People who suffered from VE tended to have several conditions in common, including lower education, younger age, and female gender. These conditions offer few resources for managing stress. Other causal factors include severe fatigue, feeling overwhelmed and unrecognized, and the expression of hostility and cynicism. The problem is, these studies have shown that when vital exhaustion surfaces, your risk of myocardial events increases. This is particularly true for women. One Dutch investigation of 169 women showed that three major components—unusual fatigue, increased irritability, and feelings of demoralization—preceded the onset of myocardial infarction (MI).

In my book Heart Sense for Women, I made a similar observation. Role strain and exhaustion are risky business for a woman's heart. To put it simply, trying to compete in the workplace like a man, act soft and feminine like a woman, and work like a dog to keep everything in balance is an unholy trinity that places women at tremendous risk for heart disease.

Since studies suggest that women are more vulnerable to exhaustion than men, women need to be informed. They need to know that they're at greater cardiovascular risk, so they'll know what actions to take.

And men, you're not off the hook on this one. If the above symptoms sound familiar to you, read on. The special clinical markers for men, in addition to the symptoms researchers have described, are low energy and a low DHEA level. So if your sex drive is feeling nonexistent, too, you need to listen up.

The Physiology of VE

Why does vital exhaustion increase cardiac vulnerability? Much of the reason has to do with hormones, especially those from the pituitary and adrenal glands I mentioned previously. You might have heard the nickname "adrenal exhaustion." It describes a condition where the immune system has been overwhelmed so many times that it's barely up and running. The problem is that, when your immune system is down, your heart is more likely to be struggling too.

VE also correlates with enhanced blood coagulability, though we are not sure why. In other words, folks with high VE scores have stickier blood. This might be another reason for the high correlation between MI and VE. So if you're feeling vitally exhausted, be mindful that thick or sticky blood can be a harbinger of clots, heart attack, and stroke.

What Is the Solution for VE?

First of all, awareness can be curative. Ask yourself these questions:

  • Do I feel like I'm in an unremitting state of energy drain?
  • Am I uncharacteristically jumpy and irritable, ready to pounce at the slightest frustration?
  • Do I feel down, dejected, demoralized most of the time?
  • Do I feel I am holding the whole world on my shoulders?
  • Am I feeling defeated before I even start the day?
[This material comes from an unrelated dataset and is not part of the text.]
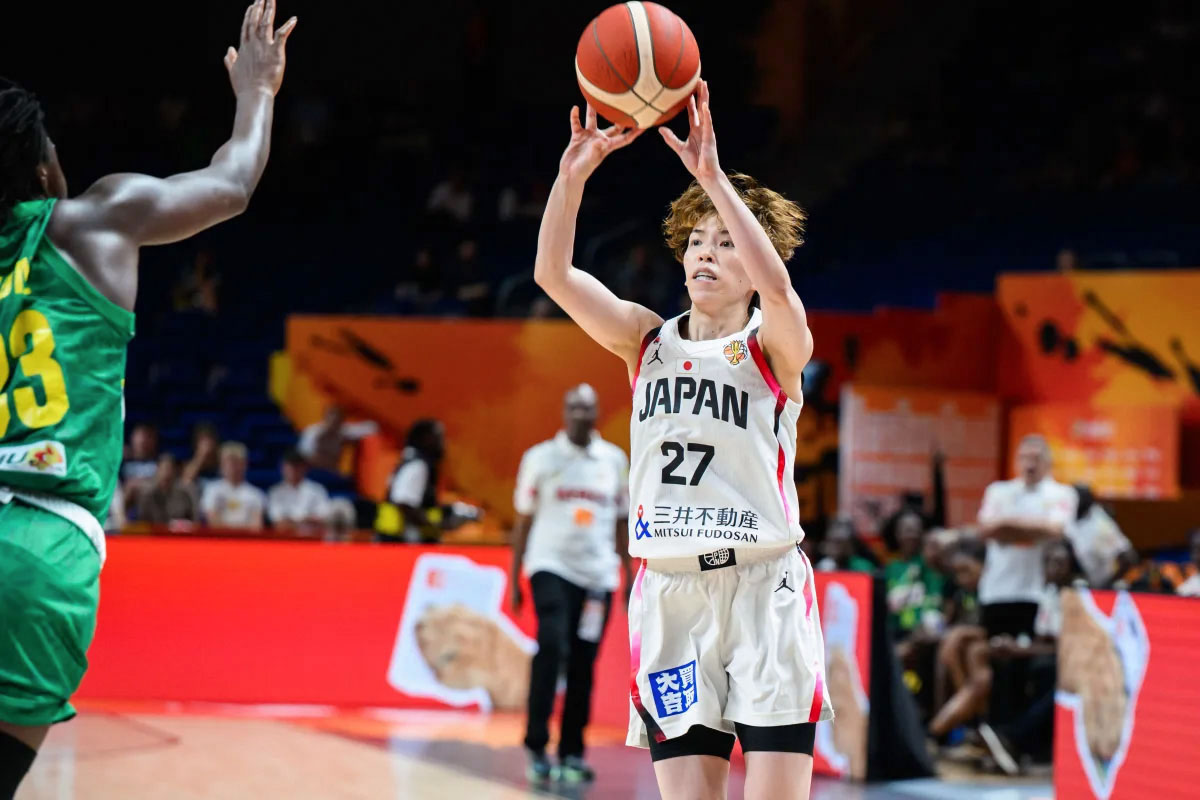 マリ戦でシュートを放つ林（（C）FIBA）（共同）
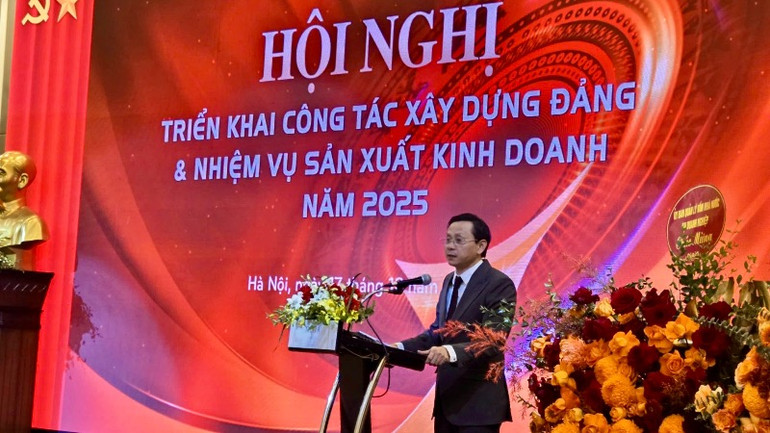 Chủ tịch HĐTV VINATABA Hồ Lê Nghĩa phát biểu tại Hội nghị. Chủ tịch HĐTV VINATABA Hồ Lê Nghĩa phát biểu tại Hội nghị.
If you answer most of these questions affirmatively, you might be vitally exhausted. In that case, you must recognize the situation and dramatically reduce the stressors in your life. One of the best ways to support yourself is with natural remedies. They can help alleviate some of the hormonal and metabolic abnormalities that VE causes. Here are a few tips if you think you might have VE:

  • Talk to others, particularly about how you are feeling inside. Just letting others know what you're feeling can be like a release valve on a pressure cooker. Here again, psychotherapy is helpful to unravel some aspects of self-destructive behaviors.
  • Have your doctor check your DHEA level. If it's low, supplemental DHEA might be the answer.
  • Make sure you take nutrients that thin the blood a little, like garlic. Other natural blood thinners include ginger, ginkgo biloba, and, to some degree, vitamin E.
  • Take supplemental omega-3s. For VE, a high-quality fish oil can be literally life-saving.
  • Rest and sleep more, and take time off if you can.